In order to avoid problems of homonyms involving academics with identical names in fields other than economics, we restrict the fields on Google Scholar to the “subject areas” “Business, Administration, Finance, and Economics” and “Social Sciences, Arts, and Humanities”. To have a period of time comparable to that used for EconLit, we only keep entries dated between 1969 and 2008.

As we did for publications, we take into account the number of authors for each entry. However, it is no longer necessary to take into account the quality of the support or the relative length of publications, since we assume that the number of citations directly reflects the entry quality.

We first build an index of total citations, TCit i , which is the total number of citations received by all academic i’s entries, each divided by its number of authors. Then, to combine this (quality-adjusted) measure of quantity with something closer to the average quality of publications, we use a synthetic index. We do not use the famous H-index, H i , proposed by Hirsh (2005), because typically two academics can have the same H-index when one of them has some very highly-cited entries and the other not. In other words, the H-index ignores the internal distribution of citations received by the articles used to calculate it, and we consider that as one of its strong limits. Therefore we prefer to use the G-index, proposed by Egghe (2006) which states that academic i has a G i -index equal to g, which is unique, if her/his g most-cited articles have received g 2 citations in total, or g citations on average. It can be shown that G i  ≥ H i . The difference between the two indexes relates to the number of citations received on average by the most-cited articles.

To take the number of co-authors of each article into account, we follow Schreiber (2008) who proposes to attribute all its citations to any entry but simply a fraction of the entry to each author. Then the H and G indexes are not necessary integers anymore, but they keep the same signification.
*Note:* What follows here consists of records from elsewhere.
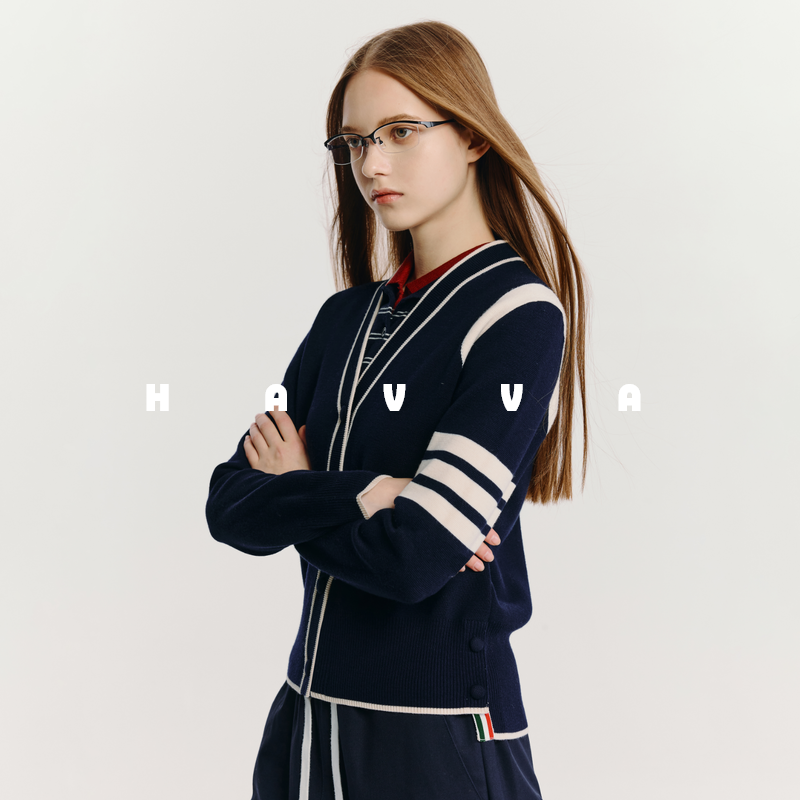 HAVVA美学撞色V领长袖针织开衫保暖舒适女士上衣2025秋冬L3-2768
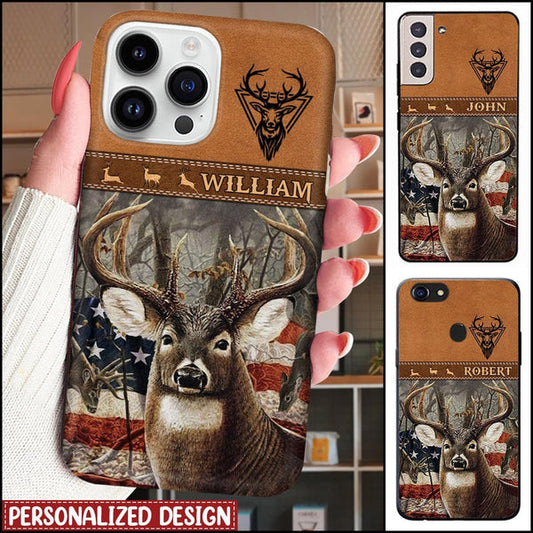 BlueJose Deer Brown Leather Pattern Personalized Name Phone Case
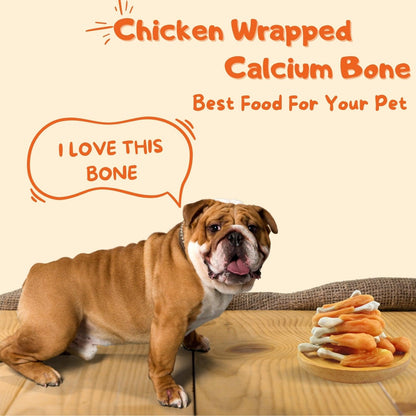 Chicken Wrapped Calcium Bone, Rawhide Free Healthy Dog Treats for All Dog Sizes, 10.6oz - Petpuro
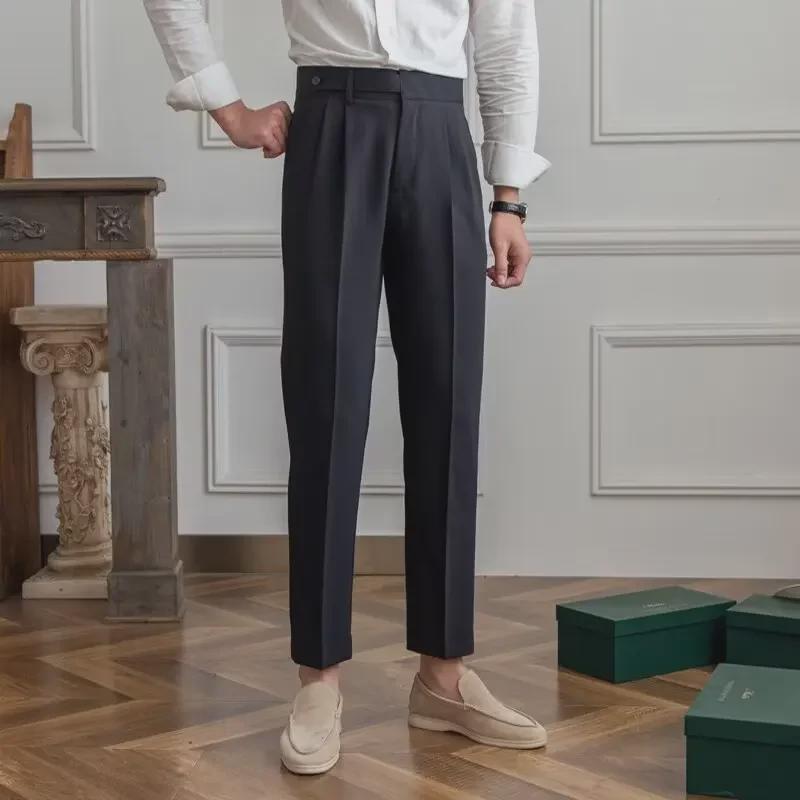 Men's 2024 Spring Collection: High-End Wide-Leg Straight Suit Trousers - Trendy, Casual, Draped Fit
For instance, a G-index of 7.5 means that the academic has had published at least 7.5 “single-author equivalent” articles with 7.5 citations each on average.

Population and descriptive statistics

The EconLit database, which enables us to compute our different scores of publication, is matched with a list of academics in economics provided by the French Ministry of Education and Research.Footnote 1 In 2008, year for which the analysis was conducted, 2782 academics were considered.Footnote 2

Table 10 in Appendix presents descriptive statistics about our main dependent and independent variables. The average academic was around 47 years old, had published 3.5 (single-author equivalent) articles referenced in the EconLit database between 1969 and 2008, had entries cited 107 times with a G-index of 7.25 (meaning that the academic’s 7.25 most-cited entries had been cited 7.25 times on average). In 2008, 30 % of French academic economists were women and 73 % had published at least one article. We refer to them as the “Published”. Also, 85 % have at least one entry with at least one citation in Google Scholar; we refer to them as the “Cited”.

If we restrict our sample to the academics who have published at least one article referenced in the EconLit database (panel (b) in Table 10 of Appendix), the average published author is slightly younger (around 46 years old) and more likely to be a man (27 % of women, compared with 30 % for all academics). S/he has published 4.8 single-author equivalent articles, has been cited 137 times and has a G-index of 9 on average. 95 % of published academics have been cited at least once on Google Scholar. The average number of authors per article is around 2 (1.85 in EconLit, 2.04 in Google Scholar) while the average network size (total number of different co-authors) is 4.12.

Alternatively, if we restrict our sample to academics who have been cited at least once on Google Scholar (panel (c)), 81 % have published at least one article and 28 % are women. The average cited academic has published 4.05 single-author equivalent articles, has been cited 126 times and has a G-index of 8.5. The average network size of cited academics is slightly smaller (3.49 vs 4.12) than that of published academics.

Finally, Table 1 provides some simple correlations between EconLit publication scores and Google Scholar citation indexes.Footnote 3 The following observations are noteworthy. As expected, the academics who have published more articles are more cited. The correlation between citation indexes and publication scores is higher when the quality of journals is taken into account with a medium degree of convexity rather than a high degree of convexity. However, the average quality of publications is more correlated with citation indexes when there is a high degree of convexity in the journal weighting scheme.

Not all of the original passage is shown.